It all started innocently. I walked into a favorite pub and stopped to greet some friends at the dartboard. One, about to step away for a few minutes, handed me his darts: "Here, you play till I get back."

Well, I completely missed the board with the first two, but a least didn't injure anyone; then my third dart hit a 17. And I continued to throw for the rest of the night. Now I can't walk by a dartboard without feeling the urge to shoot. Don't think it can't happen to you, too. First you stand and watch. Then someone hands you some darts and -- well, you know the rest.

Or do you? Did you know that Anne Boleyn gave her husband, Henry VIII, a set of darts? Some even say she beat him in a dart match, hastening the loss of her head, but this is just conjecture.

And don't think, as I did, that the object is simply to hit the bull's-eye (also known as the cork or bull): There are elaborate rules for a variety of games, the most common ones ending in an 01, as in 301, 501, 601 or 1,001. On the standard "clock" board, the inner ring is a triple score, the outer ring double. For the 01 games, you start at the agreed-on number (301 or 501, say) then subtract points until you reach zero. But you have to hit a double before you can start scoring, and to end the game you need a double for the exact amount remaining.

In cricket, you must score three of one number, from 20 down through 15, in addition to three bulls. You gain points by closing out a number before your opponent does.

Over 3,000 registered members of the Washington Area Darts Assocation (WADA) play these games in league play. About 1,700 of those are active participants, but the figures don't include those who merely throw when the whim strikes; most are dedicated players who meet regularly in pubs for games and constant practice.

All it takes is a dartboard, three darts, two to three players and a chalkboard; choose a slow bar night, add a few beers, and the resulting tableau evokes an atomosphere of camaraderie and gamesmanship in the one sport that doesn't require great physical agility -- some even argue that overweight players have better balance.

David Tucker, executive director of WADA, says the sport evolved rather haphazardly from "the 13th or 14th century. There's a lot of legend surrounding it, but it sounds reasonable: Crossbow archers practiced throwing quarrels at a section of a tree trunk, to keep their eye in. Then they used the butts of barrels. The game was originally known as 'butts,' not darts. It developed from there. The object was to hit as near to center as possible; then somebody got the idea of marking it into divisions. The current board is approximately a hundred years old. Apparently, the archers got the idea to move the target indoors during the winter to prolong their entertainment. The tavern wall was the selected site, and it remains a fixture there to this day."
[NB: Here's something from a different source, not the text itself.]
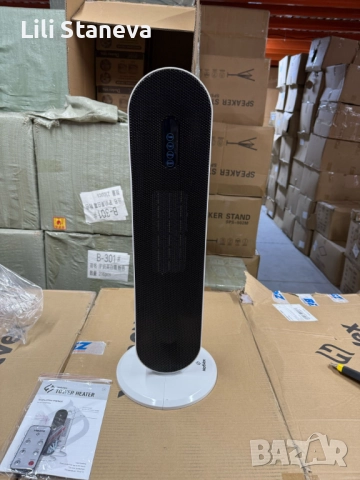 Hotvex Tower Heater  – Вертикалният отоплител, който стопля дома ти за минути, без излишен разход. , снимка 2 - Отоплителни печки - 52864112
Tucker recounts another popular legend: "A dart player was hauled into court for gambling. He did in fact wager money. But he was so good at darts, he contended he was not gambling. On continual tries he hit 20s and bull's-eyes. Then he asked the judge to try his hand. The judge couldn't do it, so he ruled darts a game of skill and not gambling."

A friendly wager does add interest to a game. Traditionally, the loser buys the winner a pint of beer. Although competitive sports do not ususally encourage alcoholic consumption, darts grew up in pubs, establishing a bond between the game and drink that continues today. The bastion of darts is easily the local bar, though dartboards can be found elsewhere. What do the bars get out of sponsoring teams, or just keeping dartboards available for patrons? Mike Heibel, owner of One Flight Up on Wisconsin Avenue, says the presence of dart throwers is quite lucrative, especially on the traditionally slow night at the beginning of the week: "The dart players are like a bowling crowd. An older group of people drink and play darts. They never fight or cause trouble. And there are few complainers."

Most teams are formed by people who break away from an existing team and create another from among people at work or in their social circle. In WADA, the 8-person teams usually average 10 or 11 members to provide for substitutes. The team's manager decides whether to rotate shooters during a particular week. On some teams, all the members throw; on others, players are designated as starters and substitutes.

Standard equipment includes a "clock" of Bristol board, 15 inch in diameter. When purchasing the darts themselves, true aficionados consider weight (in grams), length, shape, material (such as brass, nickel-tungsten or steel-tungsten), the type of flight and the type of shaft. Scoreboards, traditionally chalkboards, sometimes come mounted into elaborate cabinets.

Basix rules include standing behind the throw line, 79 1/4inch from the board in WADA competitions, and being careful not to throw near other players or spectators. An individual removes his own darts from the board, and one doesn't disturb someone who's throwing. Darts may be entertaining, but it's a serious business to its enthusiasts.